Records to use:
━━━━━━

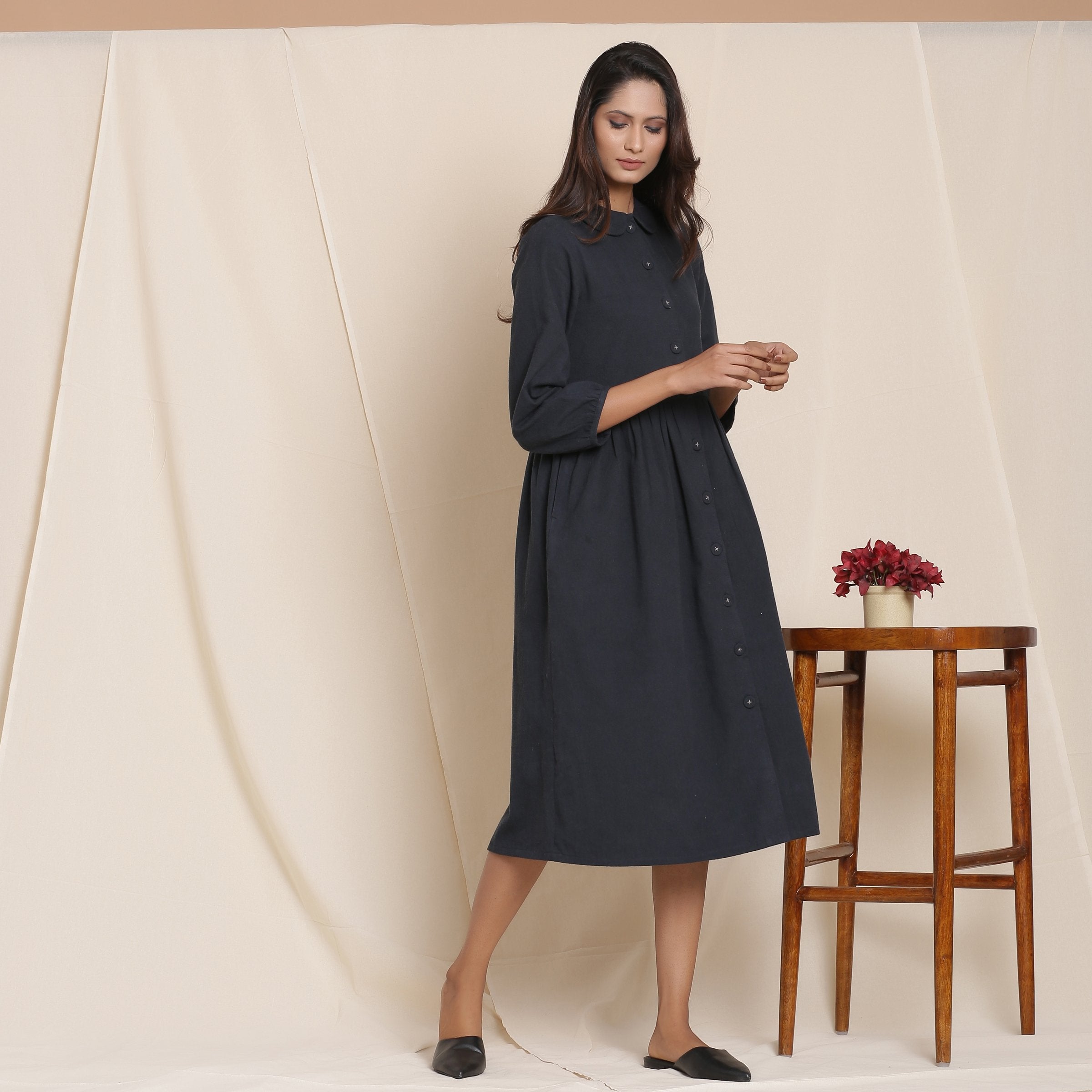 Right View of a Model wearing Black Warm Cotton Flannel Peter Pan Midi Dress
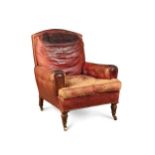 A late Victorian walnut leather armchair,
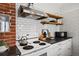 Updated kitchen featuring open shelves, stainless appliances, and brick accent wall at 9551 W 38Th Ave, Wheat Ridge, CO 80033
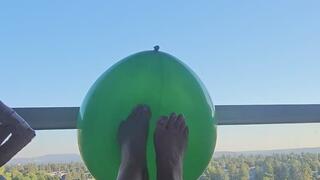 Playing footsies with a green balloon????
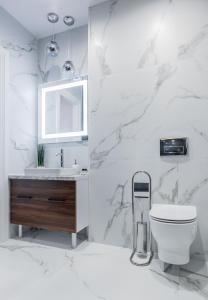 a white bathroom with a toilet and a sink at Amsterdam Lviv Apartments in Lviv +76 photos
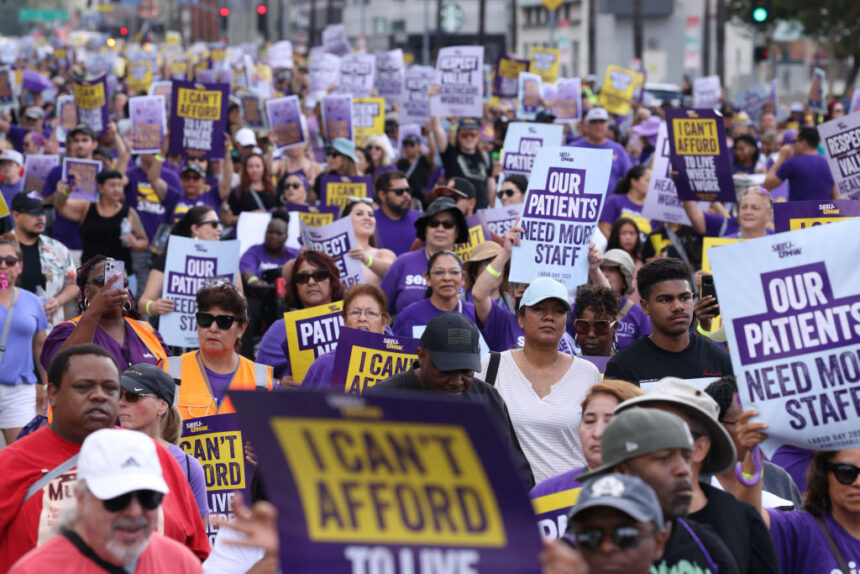 Health care workers march near Kaiser Permanente's Los Angeles Medical Center on Sept. 4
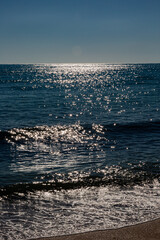 Seascape with beach, waves, sun and empty blue sky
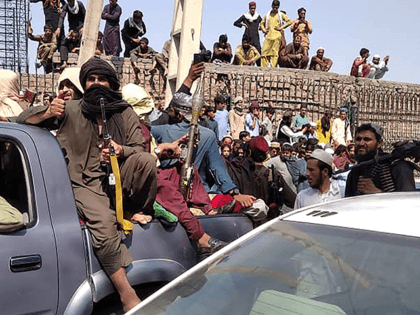 Taliban fighters sit on a vehicle along the street in Jalalabad province on August 15, 202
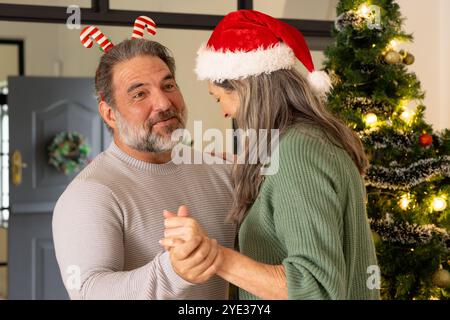 Couple mûr dansant joyeusement près de l'arbre de Noël, portant des chapeaux de vacances festifs, à la maison Banque D'Images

━━━━━━

What this task involves: Do not copy pictures. Restate exactly the lines from the one containing "Seascape with beach, waves, sun" through the last line of the records.

Answer area:
 Seascape with beach, waves, sun and empty blue sky
 Taliban fighters sit on a vehicle along the street in Jalalabad province on August 15, 202
 Couple mûr dansant joyeusement près de l'arbre de Noël, portant des chapeaux de vacances festifs, à la maison Banque D'Images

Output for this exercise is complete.